What do you know about millet, or rather millets? This family of cereals, of vital importance in several world regions, remains relatively unknown in the global North.
The name "millet" covers a wide range of plants belonging to different genera, but all from the family Poaceae, which includes most species commonly known as "grasses", and cereals. All millets originated in Africa or Asia, are rustic and relatively drought-tolerant, and produce small seeds (a few millimetres).
They were domesticated several millennia ago in their regions of origin, and have spread widely since.
"Secondary" cereals...
Most of the millet currently produced worldwide is sorghum or "great millet" (Sorghum bicolor), the fifth leading cereal worldwide with 60 million tonnes, of which almost half comes from Africa and a third from the Americas; or pearl millet (Pennisetum glaucum) with 15 to 20 million tonnes, primarily in India and the Sahel region of Africa.
The main other millets are finger millet (Eleusine coracana); proso millet or common millet (Panicum miliaceum); foxtail millet (Setaria italica); teff (Eragrostis tef) and fonios: white (Digitaria exilis), black (D. iburua) and animal fonio (Brachiaria deflexa). They are mostly grown in Asia and Africa, with a total of 10 to 15 million tonnes produced each year.
In comparison, maize production worldwide totals more than 1000 million tonnes, wheat and rice 750 million tonnes each, and barley 160 million tonnes.
Millets are therefore seen as "secondary cereals" in production terms.

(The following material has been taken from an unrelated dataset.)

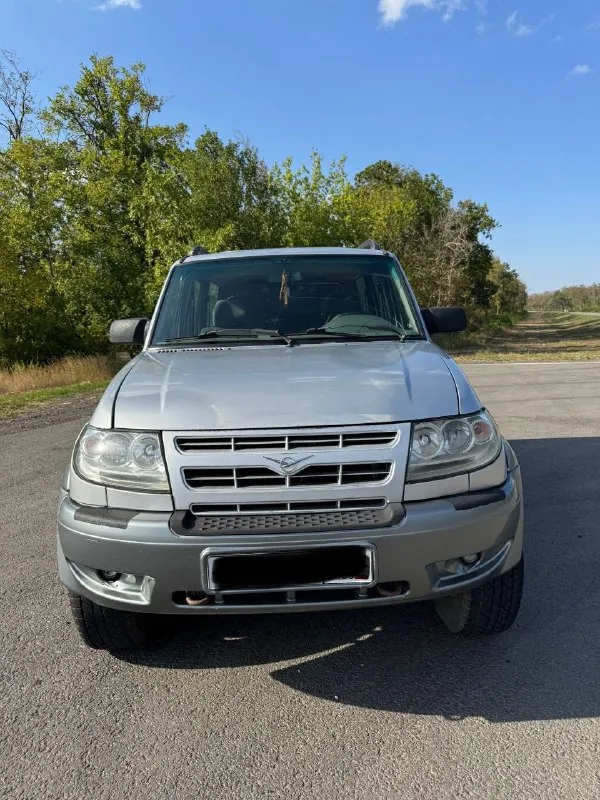 Продаю уаз патриот 2006 года! в хорошем состоянии!очень тяговитый, едет бодро! ходовая не беспокоит, двигатель отрабатывает хорошо ! патриот в хорошей комплектации,4 электростеклоподьемниа! музыка хорошая ! стоит газ 4.все работает! салон ухоженный, люк работает отлично ! автомобиль без дтп, ﻿поменял масло, фильтра, ﻿заменил антифриз! ﻿поставили новый аккумулятор ﻿поставил резину! рассмотрю обмен ! цена 500 т. р связь +79495946577 +79494423439 - фотография - 9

... that are vital to people in the arid zones of Africa and Asia
Millets are among the few plants capable of producing calories in subsistence farming conditions with few inputs, poor soils and periods of drought, and are vitally important for food security in the arid zones of sub-Saharan Africa and Asia, where they are the staple food for 600 million people.
Most millet goes to feed humans, in the form of cooked, hulled whole grains or flour used to make culinary preparations.
Millets have been used for thousands of years, in many local specialities. In West Africa, there is tô, a thick porridge made from millet or cornmeal; thiéré, a millet couscous eaten at religious festivals in Senegal; futti fognè, a fonio-based vegetarian dish seen as a "poor man's dish" in Guinea; and fermented, malted millet-based drinks such as dolo, gowé and tchapalo.
In Ethiopia, injera, a type of pancake made with teff or fermented sorghum, is eaten with every meal. In India, sorghum flour-based bhakri bread is a staple in several regions. In Greater Mongolia, people make süütei tsai, a milky tea containing fried common millet seeds, while in China, baijiu maotai, a sorghum alcohol, is seen as the best possible spirit.
Millets are vital for the food and nutrition security of millions of poor people in semi-arid regions suffering from the effects of climate change, but have been largely overlooked in terms of attention and investment compared to the other leading cereal crops.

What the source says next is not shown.